According to the saga, it was right here at the Rosengarten, were the realm of King Laurin and his hardworking dwarf clan was located. They mined for crystals, silver and gold inside the mountains.
One day the king at the Adige river wanted to marry his beautiful daughter Similde. All the aristocrats in the area were invited to a May trip, but not King Laurin. However, he decided to take part as an invisible guest equipped with his magic hood. When he saw Similde at the tournament site, he immediatly fell in love with her, put her on his horse and rode away with her. Soon Similde’s promised man and his knights moved out to rescue the princess and stood in front of the rose garden shortly afterwards. King Laurin wrapped his miracle belt around him, which gave him the strength of 12 men and faced the fight, but soon he realised that there were too many opponents. So he put on his magic hood and tried to hide in the rose garden, invisible as he thought he was. But because of the movement of the flowers, the knights recognised where King Laurin hid himself, grabbed him, broke his magic belt and capured him.

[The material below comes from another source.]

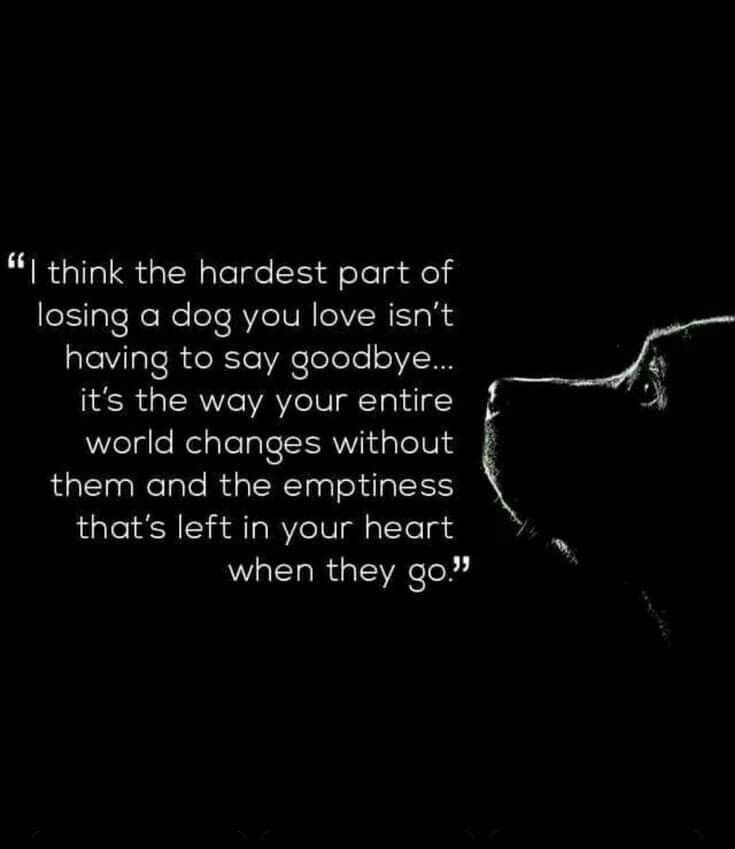 a black and white photo with a dog's face in the dark, it says i think the hardest part of losing a dog you love isn't having to say goodbye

The furious King Laurin turned around and cursed his rose garden, that he thought had betrayed him: neither by day nor by night a human eye should ever see again the magnificence of the roses. But Laurin had forgotten twilight between day and night in his curse and so it comes that the enchanted garden still lets its blossoming roses shine for a short time, when the pale mountains are illuminated with a blaze of red light before sun set.